Nazım Hikmet bir mektubunda şöyle der:“Ben içimden konuşuyorum, sen duyuyorsun ya yeter…”
**

İşte bu, en yalın hâliyle susmanın anlamıdır. Ses olmadan da anlaşılabilmek. Sözcüklere yüklenmeden de sevebilmek. İnsan, , en çok sustuğunda anlatır bazı şeyleri. Bazen bir bakış, bir duruş ya da sadece kalp atışı yeter anlatmaya. Sessizlikte duyulan bir nefes bile bazen her şeyden daha yüksek sesle konuşur.
**

Ve bilirsin, bazı sessizlikler kavuşmak gibidir.

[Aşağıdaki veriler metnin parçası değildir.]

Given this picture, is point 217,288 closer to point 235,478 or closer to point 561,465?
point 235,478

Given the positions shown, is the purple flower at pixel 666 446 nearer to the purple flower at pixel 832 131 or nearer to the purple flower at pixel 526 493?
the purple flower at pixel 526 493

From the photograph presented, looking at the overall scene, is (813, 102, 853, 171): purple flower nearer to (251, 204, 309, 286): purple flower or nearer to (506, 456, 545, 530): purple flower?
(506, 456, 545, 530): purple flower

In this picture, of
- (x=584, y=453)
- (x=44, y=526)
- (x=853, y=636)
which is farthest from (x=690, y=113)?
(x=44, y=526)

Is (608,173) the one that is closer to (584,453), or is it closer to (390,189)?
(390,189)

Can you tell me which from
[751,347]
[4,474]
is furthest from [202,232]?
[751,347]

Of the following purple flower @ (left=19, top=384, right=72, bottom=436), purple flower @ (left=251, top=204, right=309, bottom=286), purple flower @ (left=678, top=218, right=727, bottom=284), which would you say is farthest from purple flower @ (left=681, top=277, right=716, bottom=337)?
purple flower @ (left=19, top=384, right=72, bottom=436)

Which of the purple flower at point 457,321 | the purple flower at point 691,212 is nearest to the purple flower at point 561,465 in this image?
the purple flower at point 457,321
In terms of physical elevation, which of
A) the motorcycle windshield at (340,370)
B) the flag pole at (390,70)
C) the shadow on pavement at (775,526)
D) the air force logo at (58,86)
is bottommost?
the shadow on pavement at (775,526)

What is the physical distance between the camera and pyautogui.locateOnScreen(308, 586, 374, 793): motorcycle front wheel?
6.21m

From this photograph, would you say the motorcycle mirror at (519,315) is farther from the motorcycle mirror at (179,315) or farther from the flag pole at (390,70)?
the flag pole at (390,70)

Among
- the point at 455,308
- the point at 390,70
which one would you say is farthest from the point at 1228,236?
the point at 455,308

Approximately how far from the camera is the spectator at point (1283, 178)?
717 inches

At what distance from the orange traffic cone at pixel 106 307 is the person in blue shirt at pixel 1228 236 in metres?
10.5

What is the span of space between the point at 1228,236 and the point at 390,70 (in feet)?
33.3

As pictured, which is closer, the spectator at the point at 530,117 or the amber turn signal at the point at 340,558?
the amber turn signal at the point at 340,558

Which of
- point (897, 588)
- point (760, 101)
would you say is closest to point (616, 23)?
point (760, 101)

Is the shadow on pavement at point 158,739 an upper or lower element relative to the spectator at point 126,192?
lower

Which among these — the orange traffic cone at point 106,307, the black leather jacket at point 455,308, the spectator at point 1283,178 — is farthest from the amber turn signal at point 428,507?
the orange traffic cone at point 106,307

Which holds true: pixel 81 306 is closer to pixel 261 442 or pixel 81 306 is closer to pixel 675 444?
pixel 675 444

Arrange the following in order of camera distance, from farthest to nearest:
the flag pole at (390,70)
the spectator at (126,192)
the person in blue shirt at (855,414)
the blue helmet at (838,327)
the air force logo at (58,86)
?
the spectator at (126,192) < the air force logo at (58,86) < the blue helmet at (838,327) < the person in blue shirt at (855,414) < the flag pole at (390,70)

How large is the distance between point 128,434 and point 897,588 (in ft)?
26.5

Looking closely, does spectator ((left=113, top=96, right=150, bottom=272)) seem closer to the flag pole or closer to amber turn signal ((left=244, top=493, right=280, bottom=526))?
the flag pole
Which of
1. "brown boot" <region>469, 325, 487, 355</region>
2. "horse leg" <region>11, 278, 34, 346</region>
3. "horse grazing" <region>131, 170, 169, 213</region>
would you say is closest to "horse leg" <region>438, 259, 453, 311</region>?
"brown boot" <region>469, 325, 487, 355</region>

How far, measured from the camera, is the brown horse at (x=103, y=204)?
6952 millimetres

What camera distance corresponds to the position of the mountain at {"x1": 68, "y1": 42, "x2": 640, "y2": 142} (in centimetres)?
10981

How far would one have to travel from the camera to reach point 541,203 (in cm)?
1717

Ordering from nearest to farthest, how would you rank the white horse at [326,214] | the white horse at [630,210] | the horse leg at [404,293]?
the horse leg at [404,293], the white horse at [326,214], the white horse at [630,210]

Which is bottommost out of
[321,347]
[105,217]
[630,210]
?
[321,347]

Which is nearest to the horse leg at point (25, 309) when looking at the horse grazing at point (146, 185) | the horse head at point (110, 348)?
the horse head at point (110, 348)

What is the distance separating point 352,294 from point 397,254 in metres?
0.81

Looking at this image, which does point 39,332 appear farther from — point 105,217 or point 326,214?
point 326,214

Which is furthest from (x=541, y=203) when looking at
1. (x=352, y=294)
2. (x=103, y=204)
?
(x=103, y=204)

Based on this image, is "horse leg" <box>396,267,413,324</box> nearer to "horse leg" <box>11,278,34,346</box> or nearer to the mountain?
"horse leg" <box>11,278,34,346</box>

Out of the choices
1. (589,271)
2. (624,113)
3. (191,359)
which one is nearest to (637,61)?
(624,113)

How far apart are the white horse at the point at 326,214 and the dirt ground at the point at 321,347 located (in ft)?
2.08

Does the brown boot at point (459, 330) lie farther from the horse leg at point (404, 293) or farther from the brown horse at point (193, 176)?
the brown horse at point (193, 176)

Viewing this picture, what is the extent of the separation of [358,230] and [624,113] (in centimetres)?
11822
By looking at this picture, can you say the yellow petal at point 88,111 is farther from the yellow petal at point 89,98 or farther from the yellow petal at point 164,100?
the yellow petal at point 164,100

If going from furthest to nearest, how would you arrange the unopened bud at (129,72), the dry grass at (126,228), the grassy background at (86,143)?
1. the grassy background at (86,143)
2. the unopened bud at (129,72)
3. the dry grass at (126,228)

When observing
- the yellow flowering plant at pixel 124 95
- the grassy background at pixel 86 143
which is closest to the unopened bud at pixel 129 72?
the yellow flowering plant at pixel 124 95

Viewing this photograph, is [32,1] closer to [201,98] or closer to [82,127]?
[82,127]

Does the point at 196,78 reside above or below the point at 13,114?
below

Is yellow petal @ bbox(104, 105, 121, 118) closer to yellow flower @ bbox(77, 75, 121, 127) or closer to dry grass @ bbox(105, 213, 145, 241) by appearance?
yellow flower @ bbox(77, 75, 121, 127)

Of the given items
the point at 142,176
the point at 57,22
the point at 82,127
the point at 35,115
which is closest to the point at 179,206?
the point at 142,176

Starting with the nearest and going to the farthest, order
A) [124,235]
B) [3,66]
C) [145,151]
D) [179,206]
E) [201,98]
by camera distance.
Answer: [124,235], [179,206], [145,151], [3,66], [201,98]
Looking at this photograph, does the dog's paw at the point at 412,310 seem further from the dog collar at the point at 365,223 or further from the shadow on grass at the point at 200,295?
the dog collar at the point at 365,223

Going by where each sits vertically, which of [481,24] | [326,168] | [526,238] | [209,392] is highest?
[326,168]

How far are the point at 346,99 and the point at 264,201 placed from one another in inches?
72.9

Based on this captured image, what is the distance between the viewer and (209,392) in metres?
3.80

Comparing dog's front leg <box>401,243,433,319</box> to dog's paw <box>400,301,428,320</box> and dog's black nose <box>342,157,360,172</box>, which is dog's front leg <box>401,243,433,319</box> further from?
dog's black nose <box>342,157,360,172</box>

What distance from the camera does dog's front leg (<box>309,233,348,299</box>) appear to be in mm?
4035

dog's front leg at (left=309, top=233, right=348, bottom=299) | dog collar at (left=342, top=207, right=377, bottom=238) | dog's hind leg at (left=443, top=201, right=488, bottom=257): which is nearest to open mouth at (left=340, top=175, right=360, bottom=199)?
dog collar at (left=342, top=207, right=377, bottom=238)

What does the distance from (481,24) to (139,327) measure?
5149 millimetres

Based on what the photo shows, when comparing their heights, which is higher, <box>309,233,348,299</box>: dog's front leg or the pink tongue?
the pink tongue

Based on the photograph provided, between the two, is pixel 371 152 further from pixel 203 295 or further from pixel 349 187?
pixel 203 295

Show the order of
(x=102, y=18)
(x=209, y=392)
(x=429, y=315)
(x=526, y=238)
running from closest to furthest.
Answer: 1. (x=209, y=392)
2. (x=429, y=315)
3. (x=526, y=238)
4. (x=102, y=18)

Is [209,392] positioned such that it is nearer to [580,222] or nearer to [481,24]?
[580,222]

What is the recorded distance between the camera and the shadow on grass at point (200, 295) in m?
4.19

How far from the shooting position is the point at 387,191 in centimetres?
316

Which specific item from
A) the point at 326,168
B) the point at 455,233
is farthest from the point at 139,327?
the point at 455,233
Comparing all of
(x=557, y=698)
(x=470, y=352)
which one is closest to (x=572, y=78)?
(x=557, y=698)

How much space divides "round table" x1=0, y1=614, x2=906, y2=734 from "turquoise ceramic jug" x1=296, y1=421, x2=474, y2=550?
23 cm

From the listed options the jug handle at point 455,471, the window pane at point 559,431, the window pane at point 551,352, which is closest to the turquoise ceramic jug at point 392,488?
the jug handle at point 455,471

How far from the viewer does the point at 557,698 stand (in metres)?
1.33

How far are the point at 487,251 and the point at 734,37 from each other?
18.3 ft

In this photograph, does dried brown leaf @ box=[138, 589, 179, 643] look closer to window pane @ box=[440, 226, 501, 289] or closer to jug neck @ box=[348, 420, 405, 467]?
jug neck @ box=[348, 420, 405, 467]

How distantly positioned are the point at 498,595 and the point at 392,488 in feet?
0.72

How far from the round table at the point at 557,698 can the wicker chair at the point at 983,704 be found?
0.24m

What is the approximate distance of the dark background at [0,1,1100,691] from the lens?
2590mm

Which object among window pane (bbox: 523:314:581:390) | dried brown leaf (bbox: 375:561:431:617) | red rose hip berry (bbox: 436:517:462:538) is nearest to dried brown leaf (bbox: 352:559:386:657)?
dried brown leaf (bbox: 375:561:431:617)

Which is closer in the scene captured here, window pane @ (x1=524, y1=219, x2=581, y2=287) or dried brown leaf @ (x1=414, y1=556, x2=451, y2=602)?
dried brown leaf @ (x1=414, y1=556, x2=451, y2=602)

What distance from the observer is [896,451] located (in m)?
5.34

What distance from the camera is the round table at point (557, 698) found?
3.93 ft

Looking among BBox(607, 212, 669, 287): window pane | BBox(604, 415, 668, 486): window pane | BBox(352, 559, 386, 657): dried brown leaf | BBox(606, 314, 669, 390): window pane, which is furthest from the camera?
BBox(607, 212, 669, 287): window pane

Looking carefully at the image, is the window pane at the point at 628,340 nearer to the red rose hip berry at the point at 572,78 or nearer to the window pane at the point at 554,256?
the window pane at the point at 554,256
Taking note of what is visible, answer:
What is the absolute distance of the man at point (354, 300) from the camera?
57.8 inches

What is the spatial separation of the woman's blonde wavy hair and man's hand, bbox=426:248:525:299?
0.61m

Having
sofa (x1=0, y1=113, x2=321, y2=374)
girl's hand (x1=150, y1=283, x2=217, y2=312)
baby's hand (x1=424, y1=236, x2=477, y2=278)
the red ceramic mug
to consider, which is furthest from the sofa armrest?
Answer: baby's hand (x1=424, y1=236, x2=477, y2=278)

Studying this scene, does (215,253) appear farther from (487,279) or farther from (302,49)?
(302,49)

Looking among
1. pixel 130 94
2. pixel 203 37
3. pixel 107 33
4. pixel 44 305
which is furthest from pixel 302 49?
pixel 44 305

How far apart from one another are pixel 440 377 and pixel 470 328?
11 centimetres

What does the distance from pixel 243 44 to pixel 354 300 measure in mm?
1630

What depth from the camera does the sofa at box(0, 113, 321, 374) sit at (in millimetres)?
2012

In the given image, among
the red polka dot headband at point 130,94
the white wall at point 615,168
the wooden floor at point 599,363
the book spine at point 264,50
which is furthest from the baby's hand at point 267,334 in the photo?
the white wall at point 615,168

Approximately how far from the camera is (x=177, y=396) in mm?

Göz göze gelmeden, dokunmadan, sadece bilerek… O içten içe duyulan sessizlikte saklıdır en gerçek duygular. Sessizlik bazen bir elvedadır, bazen bir sonsuzluğun fısıltısı. Ve bazı sessizlikler vardır ki, insanın kalbine kazınır; hiç unutulmaz.
**

Velhasıl susmak, bir kaçış değil; kalbin en cesur hâlidir. Çünkü insan en çok sustuğunda direnmiş, en çok sustuğunda büyümüştür.
**

Ve son olarak, Oğuz Atay’ın fısıltısını duyar gibi oluruz:“Konuşsam, kırılacak bir şeyler var... Susuyorum. Çünkü içimde büyüttüğüm her şey, sessizlikle hayatta kaldı.”
**

İşte o yüzden; susmak, yalnızca kelimelerin eksikliği değil, kalbin fazlalığıdır. Susmak, içimizde taşıdığımız her şeye dair en büyük tanıklıktır. Ve bazen, bir insanı en çok onun sustukları anlatır. Belki de hayatın en çarpıcı hikâyesi, hiç yazılmamış cümlelerin, hiç söylenmemiş sözlerin içinde saklıdır.